ECLI:NL:CRVB:2001:ZB9058
Centrale Raad van Beroep
- Hoger beroep
- M.I. 't Hooft
- J.M.A. van der Kolk-Severijns
- R.M. van Male
- Rechtspraak.nl
Beoordeling van de verlaging van de kilometervergoeding voor woon-werkverkeer onder de Algemene Arbeidsongeschiktheidswet
In deze zaak gaat het om de verlaging van de kilometervergoeding voor appellant, die in het kader van de Algemene Arbeidsongeschiktheidswet (AAW) een vergoeding ontving voor het gebruik van zijn auto voor woon-werkverkeer. Appellant, wonende te B., was het niet eens met het besluit van het Landelijk instituut sociale verzekeringen, dat de vergoeding per werkdag verlaagde van f 124,63 naar f 26,80, ingaande zes maanden na de datum van het besluit. Appellant had bezwaar aangetekend tegen deze verlaging, maar dit werd ongegrond verklaard door gedaagde. De Arrondissementsrechtbank te Roermond bevestigde deze beslissing in een uitspraak van 15 april 1999.

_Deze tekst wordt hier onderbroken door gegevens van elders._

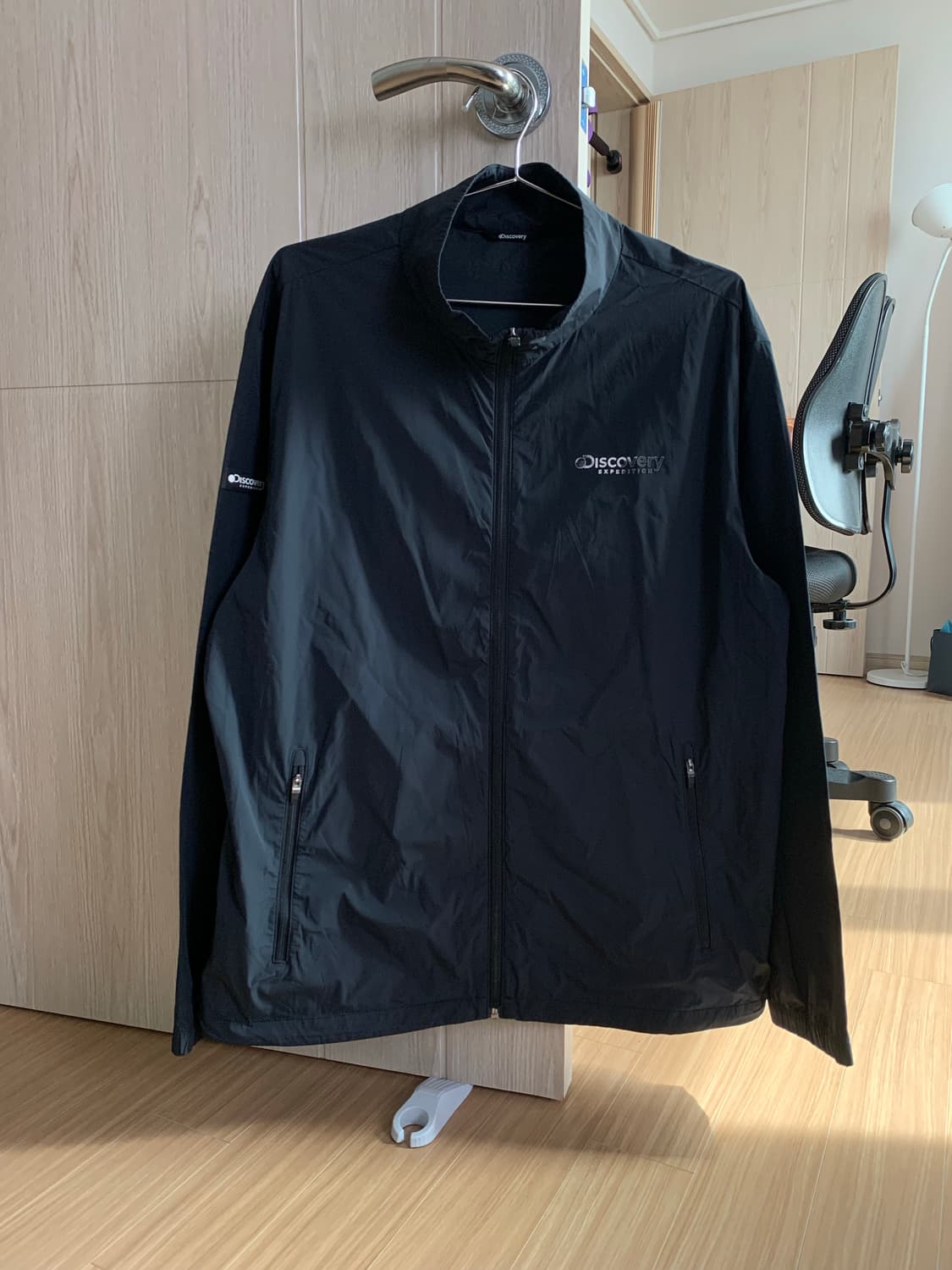 디스커버리 윈드자켓 상품이미지1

In hoger beroep heeft de Centrale Raad van Beroep de zaak behandeld op 5 december 2000. Appellant werd vertegenwoordigd door zijn advocaat, mr M.W. Kok, terwijl gedaagde werd vertegenwoordigd door mr R.H.J.A. Cremers van Gak Nederland B.V. De Raad heeft de feiten en argumenten van beide partijen zorgvuldig gewogen. Appellant voerde aan dat hij niet kon verhuizen naar Veenendaal, omdat de huizen daar duurder zijn dan in zijn huidige omgeving. Gedaagde stelde echter dat de verlaging van de kilometervergoeding gerechtvaardigd was, gezien de afstand van maximaal 30 km die als redelijk werd beschouwd voor woon-werkverkeer.
De Raad oordeelde dat de gedragslijn van gedaagde, die in beginsel een vergoeding biedt voor een afstand van maximaal 30 km, de rechterlijke toets kan doorstaan. De Raad vond geen bijzondere omstandigheden die een afwijking van deze gedragslijn rechtvaardigden. De rechtbank had eerder al overwogen dat de weigering van de kilometervergoeding niet ongemotiveerd was en dat appellant voldoende tijd had gekregen om zich aan te passen aan de nieuwe situatie. De Raad bevestigde de uitspraak van de rechtbank en oordeelde dat er geen termen aanwezig waren om gedaagde te veroordelen in de proceskosten. De uitspraak werd gedaan door de voorzitter en twee leden van de Raad, en werd openbaar uitgesproken op 16 januari 2001.